For those of us whose career goal is in the arts, too-bad-so-sad. The courses required just to be accepted to a four-year college, let alone to graduate high school, are almost all math and science courses with a brief dabble in the arts. You are stuck in a math course so you can go to that four-year college, even if it is for an arts major.

High school is about exploring ourselves, our options, what we want to do. During the enrollment process, I found out about the many limitations this school has for writers, and anyone interested in the arts in general. Kids who are interested in the arts are faced with the problem of possibly forfeiting a college career and a high school diploma if they follow their dream and passion and choose a writing course or an art course, rather than a fancy science or math course.

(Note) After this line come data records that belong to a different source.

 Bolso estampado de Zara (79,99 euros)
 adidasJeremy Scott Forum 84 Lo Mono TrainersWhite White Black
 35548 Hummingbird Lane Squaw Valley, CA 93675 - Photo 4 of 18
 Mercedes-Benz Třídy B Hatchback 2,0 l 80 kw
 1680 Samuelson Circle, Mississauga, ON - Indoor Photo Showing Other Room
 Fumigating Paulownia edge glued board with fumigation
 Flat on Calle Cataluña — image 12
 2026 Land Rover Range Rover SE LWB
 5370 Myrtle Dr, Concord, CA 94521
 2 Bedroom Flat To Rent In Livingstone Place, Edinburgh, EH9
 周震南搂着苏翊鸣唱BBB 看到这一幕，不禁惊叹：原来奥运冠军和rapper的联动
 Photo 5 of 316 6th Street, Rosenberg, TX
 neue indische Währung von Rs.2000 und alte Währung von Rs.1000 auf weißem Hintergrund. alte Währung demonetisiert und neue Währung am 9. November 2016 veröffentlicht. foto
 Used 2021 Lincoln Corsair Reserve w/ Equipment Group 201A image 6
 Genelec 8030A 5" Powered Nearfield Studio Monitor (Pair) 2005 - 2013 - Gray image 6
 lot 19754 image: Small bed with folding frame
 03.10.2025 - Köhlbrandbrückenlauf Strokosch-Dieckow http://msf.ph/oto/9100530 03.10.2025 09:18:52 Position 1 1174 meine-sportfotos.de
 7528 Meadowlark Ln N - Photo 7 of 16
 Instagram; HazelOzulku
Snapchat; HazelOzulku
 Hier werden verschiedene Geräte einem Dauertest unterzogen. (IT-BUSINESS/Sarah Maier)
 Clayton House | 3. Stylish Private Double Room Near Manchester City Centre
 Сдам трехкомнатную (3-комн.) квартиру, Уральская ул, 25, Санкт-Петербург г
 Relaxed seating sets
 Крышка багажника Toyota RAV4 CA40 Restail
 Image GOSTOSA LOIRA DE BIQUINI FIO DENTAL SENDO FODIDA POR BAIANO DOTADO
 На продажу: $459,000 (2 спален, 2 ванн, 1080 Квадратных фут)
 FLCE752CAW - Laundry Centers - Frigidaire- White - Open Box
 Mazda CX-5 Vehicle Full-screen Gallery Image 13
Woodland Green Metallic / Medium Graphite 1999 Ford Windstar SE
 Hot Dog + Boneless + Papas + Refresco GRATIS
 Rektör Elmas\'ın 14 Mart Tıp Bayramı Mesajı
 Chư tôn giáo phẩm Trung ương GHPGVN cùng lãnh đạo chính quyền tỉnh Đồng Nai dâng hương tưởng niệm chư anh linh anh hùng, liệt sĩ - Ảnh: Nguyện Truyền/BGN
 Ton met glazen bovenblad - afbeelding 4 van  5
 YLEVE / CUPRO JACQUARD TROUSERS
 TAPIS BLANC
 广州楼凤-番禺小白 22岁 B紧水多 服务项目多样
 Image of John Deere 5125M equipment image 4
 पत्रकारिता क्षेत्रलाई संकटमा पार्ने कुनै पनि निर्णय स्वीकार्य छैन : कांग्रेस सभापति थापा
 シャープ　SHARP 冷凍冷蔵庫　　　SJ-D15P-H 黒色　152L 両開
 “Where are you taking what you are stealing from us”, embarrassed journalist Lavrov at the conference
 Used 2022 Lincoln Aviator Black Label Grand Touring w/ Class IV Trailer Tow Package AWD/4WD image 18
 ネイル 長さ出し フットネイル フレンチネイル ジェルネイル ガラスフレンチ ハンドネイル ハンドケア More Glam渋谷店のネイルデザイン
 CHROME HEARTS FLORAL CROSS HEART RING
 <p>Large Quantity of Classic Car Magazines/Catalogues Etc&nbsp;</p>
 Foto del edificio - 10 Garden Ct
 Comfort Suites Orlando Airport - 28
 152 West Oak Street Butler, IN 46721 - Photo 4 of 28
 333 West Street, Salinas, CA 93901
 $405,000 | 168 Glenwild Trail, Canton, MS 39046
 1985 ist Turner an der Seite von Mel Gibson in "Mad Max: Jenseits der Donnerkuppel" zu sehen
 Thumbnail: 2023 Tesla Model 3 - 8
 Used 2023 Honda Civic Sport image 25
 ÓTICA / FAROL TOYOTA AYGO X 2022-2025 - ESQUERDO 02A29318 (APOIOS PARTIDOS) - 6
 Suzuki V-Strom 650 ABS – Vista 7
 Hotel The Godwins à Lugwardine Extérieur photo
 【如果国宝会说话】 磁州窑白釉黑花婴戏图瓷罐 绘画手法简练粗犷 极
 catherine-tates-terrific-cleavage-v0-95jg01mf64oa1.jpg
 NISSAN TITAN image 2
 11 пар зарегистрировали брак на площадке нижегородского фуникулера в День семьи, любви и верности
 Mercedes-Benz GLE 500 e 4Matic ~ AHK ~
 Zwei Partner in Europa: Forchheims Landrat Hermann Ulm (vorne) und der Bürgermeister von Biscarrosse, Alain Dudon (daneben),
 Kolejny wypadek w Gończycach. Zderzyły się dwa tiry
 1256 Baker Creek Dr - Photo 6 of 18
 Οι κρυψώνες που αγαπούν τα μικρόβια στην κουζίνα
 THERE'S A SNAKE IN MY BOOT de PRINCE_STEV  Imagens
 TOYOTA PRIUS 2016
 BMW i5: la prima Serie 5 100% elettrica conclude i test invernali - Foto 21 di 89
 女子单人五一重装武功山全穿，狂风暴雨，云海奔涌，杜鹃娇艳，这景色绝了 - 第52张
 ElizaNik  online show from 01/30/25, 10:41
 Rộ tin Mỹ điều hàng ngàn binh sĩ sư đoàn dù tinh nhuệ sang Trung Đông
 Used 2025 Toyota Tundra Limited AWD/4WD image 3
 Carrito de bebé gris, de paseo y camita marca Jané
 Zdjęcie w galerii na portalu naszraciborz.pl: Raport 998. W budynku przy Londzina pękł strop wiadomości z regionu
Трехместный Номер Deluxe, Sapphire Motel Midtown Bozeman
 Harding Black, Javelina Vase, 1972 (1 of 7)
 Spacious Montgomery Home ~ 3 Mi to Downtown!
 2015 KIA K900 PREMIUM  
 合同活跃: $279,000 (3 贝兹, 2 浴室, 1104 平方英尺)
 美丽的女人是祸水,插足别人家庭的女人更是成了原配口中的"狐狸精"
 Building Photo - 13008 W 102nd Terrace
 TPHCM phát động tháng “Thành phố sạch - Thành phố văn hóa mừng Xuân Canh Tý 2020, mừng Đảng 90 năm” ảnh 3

That being said, there are almost no courses available for those interested in the writing field. As a writer, I can choose between Journalism, Debate and Advanced English, that is if I want credit for the course.

Enrollment has simply opened my eyes to the stress and limitations of high school and has made me realize this only briefly skims what many schools have limited the arts to.

Things like afterschool programs are almost only available to kids who are either in sports or academics. Kids considering careers in the arts are often urged to try something else, or take time and “think it over.”

I love this school, I love this city but its failure to realize the wide diversity of student interests and its limitations to scientific and technical courses astounds me.

Stop limiting the arts to just simple hobbies or a way to knock off a credit or two. Realize its meaning, explore it and acknowledge it in the same way you do science and technology. The essence of the arts is open creativity, so let’s explore that in our school.